The U.S. Air Force is planning to use algorithms to fly autonomous jet fighters. (Source: Air Force Research Laboratory)

Air Force Plans to Use Human Pilots Along with Autonomous Controls for Future Air Defense

On the surface, it might seem like a good idea. The U.S. Air Force has announced it wants to build up future air defenses with AI flying fighter jets in tandem with humans flying fighter jets. The article on nationaldefensemagazine.org describes failed tests that opened the Air Force’s eyes to how it plans to proceed

According to Secretary of the Air Force Frank Kendall and Gen. Mark Kelly, commander of Combat Air Command, the combination of algorithms and human pilots could be a nearly unbeatable combination.

Both men have pitched the Air Force’s Next-Generation Air Dominance program as a package deal of crewed and uncrewed systems.
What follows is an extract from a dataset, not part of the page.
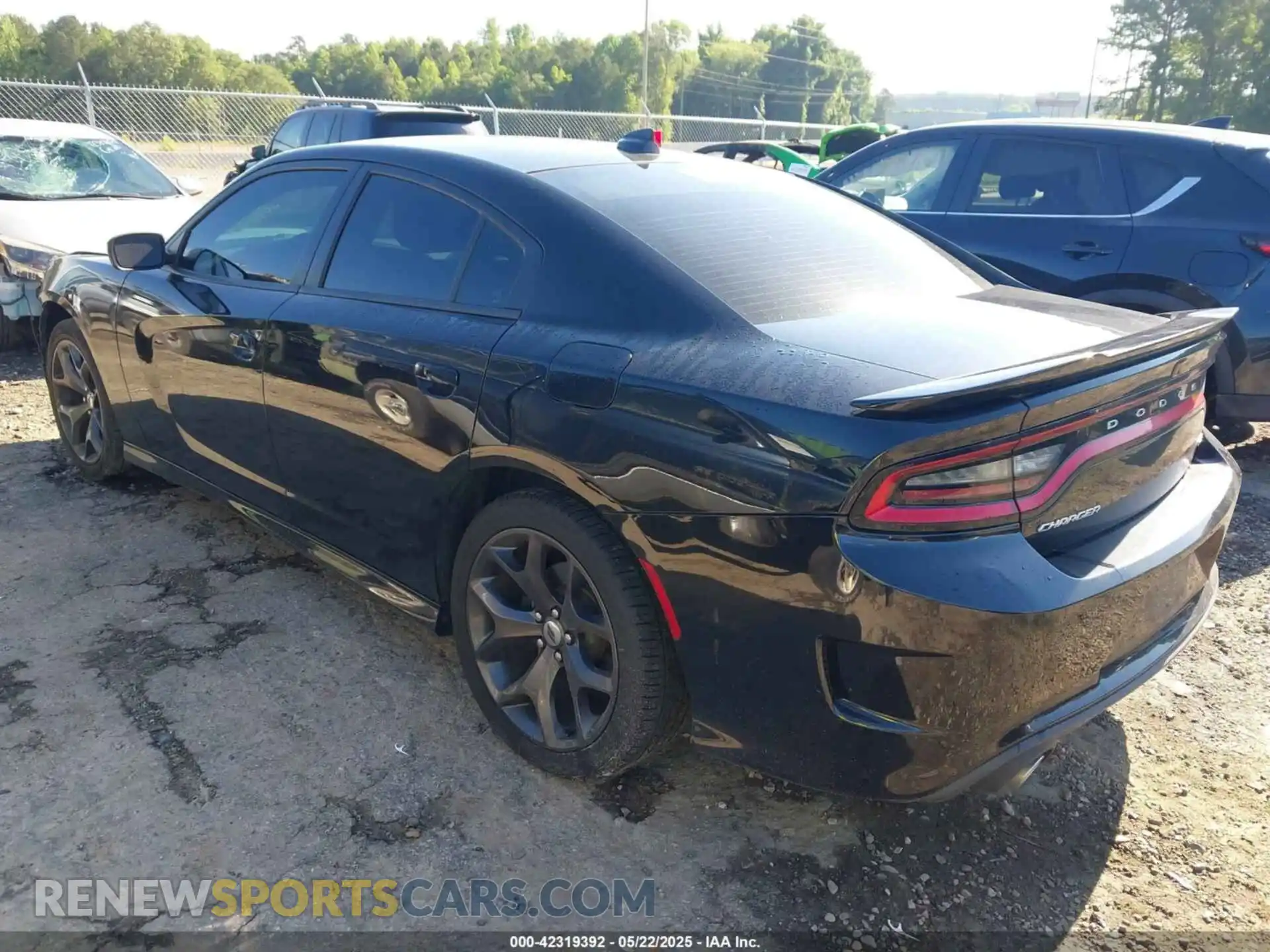 3 Photograph of a damaged car 2C3CDXHG3KH526489 DODGE CHARGER 2019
While the collaborative combat aircraft program isn’t funded to start until 2024, industry executives said they are gearing up their autonomous capabilities to expand the potential for manned and unmanned teaming.

And General Kelly said he expects private companies to be involved in putting the fighter jet design teams together.

“I’m an advocate to iterate our way there because I think there’s so much we don’t know,” he said during a media roundtable at the Air and Space Forces Association’s annual conference in National Harbor, Maryland.

Operational tests for the collaborative combat aircraft will take place in two or three years, General Kelly said.

The industry needs to participate in the experimentation that will shape the autonomous capabilities, said Mike Atwood, senior director, of the advanced programs group at General Atomics Aeronautical Systems.

“I think that will be maybe the Sputnik moment of cultural change, where we realize when we saw … F-22 and F-35s in the range, how challenging it is to go against that,” Atwood said during a panel at the conference.

One area for the industry to navigate alongside the Air Force is how it will face other AI-based systems, he said during a panel discussion at the conference. That challenge could shape the ethical limits of autonomous systems.

Using the Best Industry-Produced AI

A new advancement in autonomous capabilities with potential for future AI-controlled aerial vehicles is reinforced learning, he said. Using algorithms, an operator can define the world the machine is allowed to operate in and give it a set of actions. The device can then self-learn all the possible combinations of those actions in the set environment.

This type of learning could be reassuring to those with concerns about AI, especially as the military begins to test its largest class of unmanned aerial vehicles, he said. Setting the limits of what the machine can do can be comforting, but it still allows the system to innovate, Atwood said.

And with the combined training of human pilots, there is a more precise picture emerging that has the military very excited about future abilities in confrontations with our enemies.

The Air Force and industry need to discuss where the range of acceptable behavior is for AI and how to build trust within that range, Gen Kelly said.